しかし従来型の超音波探傷器を使用する場合も同様ですが、1番目のレグから先の表示は一層慎重な判読が要求されます。
斜角探触子を使った従来型の超音波探傷器では、固定角度のA-スキャンを表示します。最近のデジタル超音波探傷器はビーム路程の測定値および事前に設定した検査対象物の厚さ値を用いて三角関数によりエコー源の深さと表面距離を計算します。5MHzの探触子と屈折角45°のウエッジを用いた下の例で見られる様に、試験片の形状により直射および1回反射の反射エコーを同時に画面上に生成します。ビームはその一部が底面の切り込み(ノッチ)から反射し、一部は上方方向に反射し、それからブロックの左上コーナー部から反射します。レグ数の表示および距離の計算結果を利用しエコー源の位置を確認することが可能です。
この直射領域(1番目のレグ)でのエコー信号は試験片の底面の切り込み(ノッチ)からの大きな反射エコーです。深さ表示(ディスプレイ画面の左上)は厚さ25mmの試験片底面に対応する値を示し、レグ数の表示(ディスプレイ画面の右下)はそれが直射領域(1番目のレグ)での反射エコーであることを示しています。

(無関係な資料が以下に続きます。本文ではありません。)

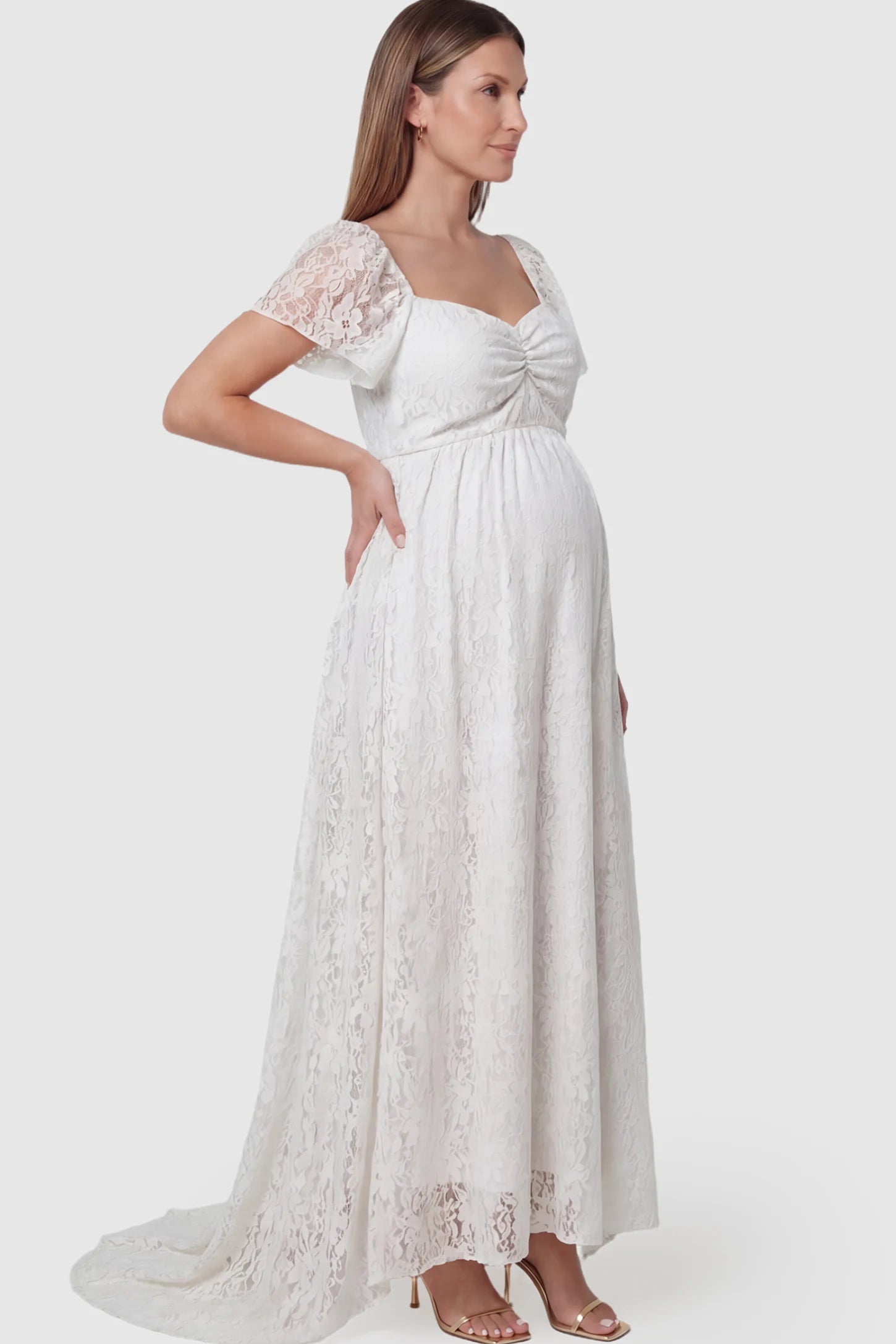 Floral Lace Flutter Sleeve Maternity Maxi Dress Floral Lace Flutter Sleeve Maternity Maxi Dress in White featuring sweetheart neckline on a pregnant model showing side.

1回反射領域(2番目のレグ)でのエコー信号はブロック上面コーナー部からの小さな反射エコーです。深さ表示は厚さ25mmブロックの上面に対応する値を示し、レグ数の表示はそれが1回反射領域での反射エコーであることを示しています。(深さと表面距離の測定値がそれぞれ理論値の0mmと50mmから若干誤差があるのはビームの指向角の影響によるものです。)
上記と同じ検査を、5MHzのフェーズドアレイプローブで、40°~70°の屈折角範囲を斜角セクタースキャンした場合の断面像を表示します。付随するA-スキャンは選択された角度成分のものです。ビーム路程の測定値および事前に設定した検査対象物の厚さを利用して三角関数によりそれぞれの角度成分でのエコー源の深さと表面距離を計算します。このタイプの検査では、単一角度成分で複数エコー源を検出する可能性の他にも、同一エコー源からのエコー信号を直射領域(1番目のレグ)と1回反射領域(2番目のレグ)で同時に表示する可能性があります。水平ラインのレグ境界表示はA-スキャン波形および画像上に投影されスクリーンを直射領域(1番目のレグ)、1回反射領域(2番目のレグ)、そして3番目のレグ領域に分割します。一方、測定値インジケーターに表示される距離の計算結果はエコー源の位置確認を助けます。
この例ではフェーズドアレイプローブを移動させることなく三つのエコー信号を40°~70°の扇型形状の断面画像で検出しています。